╔══

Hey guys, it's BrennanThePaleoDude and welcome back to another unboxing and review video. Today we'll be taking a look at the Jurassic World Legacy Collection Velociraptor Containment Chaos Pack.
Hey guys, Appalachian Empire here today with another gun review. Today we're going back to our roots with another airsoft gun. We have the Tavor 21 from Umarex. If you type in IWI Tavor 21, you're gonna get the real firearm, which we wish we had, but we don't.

╚══
╔══

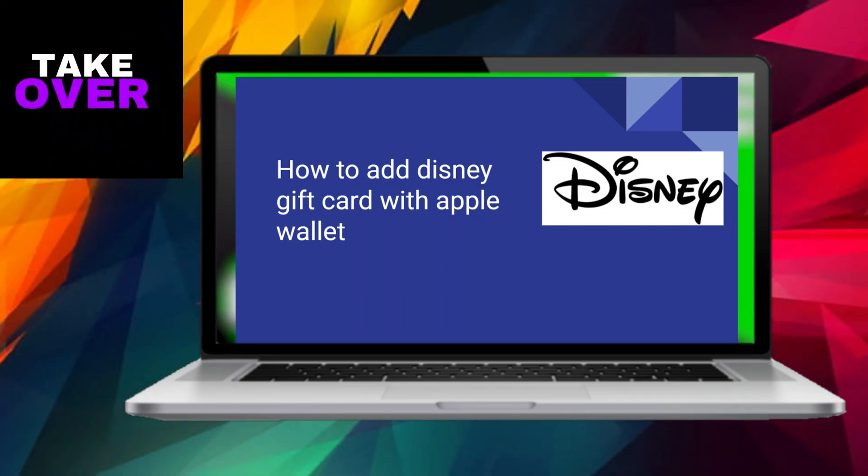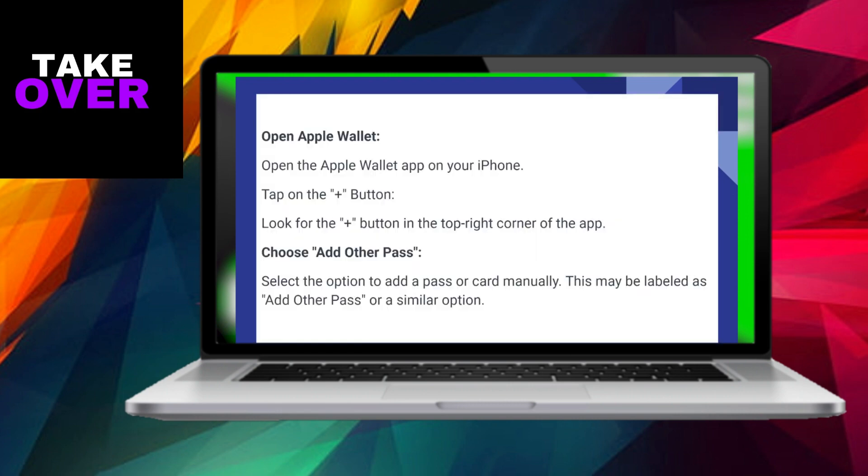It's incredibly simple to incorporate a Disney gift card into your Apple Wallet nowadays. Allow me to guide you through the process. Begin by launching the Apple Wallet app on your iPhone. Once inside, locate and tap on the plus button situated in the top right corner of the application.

╚══

What to do: Looking back over the data above, restate word for word the lines that begin at the line with "Hey guys, it's" and end at the line with "Hey guys, Appalachian", inclusive.

The answer:
Hey guys, it's BrennanThePaleoDude and welcome back to another unboxing and review video. Today we'll be taking a look at the Jurassic World Legacy Collection Velociraptor Containment Chaos Pack.
Hey guys, Appalachian Empire here today with another gun review. Today we're going back to our roots with another airsoft gun. We have the Tavor 21 from Umarex. If you type in IWI Tavor 21, you're gonna get the real firearm, which we wish we had, but we don't.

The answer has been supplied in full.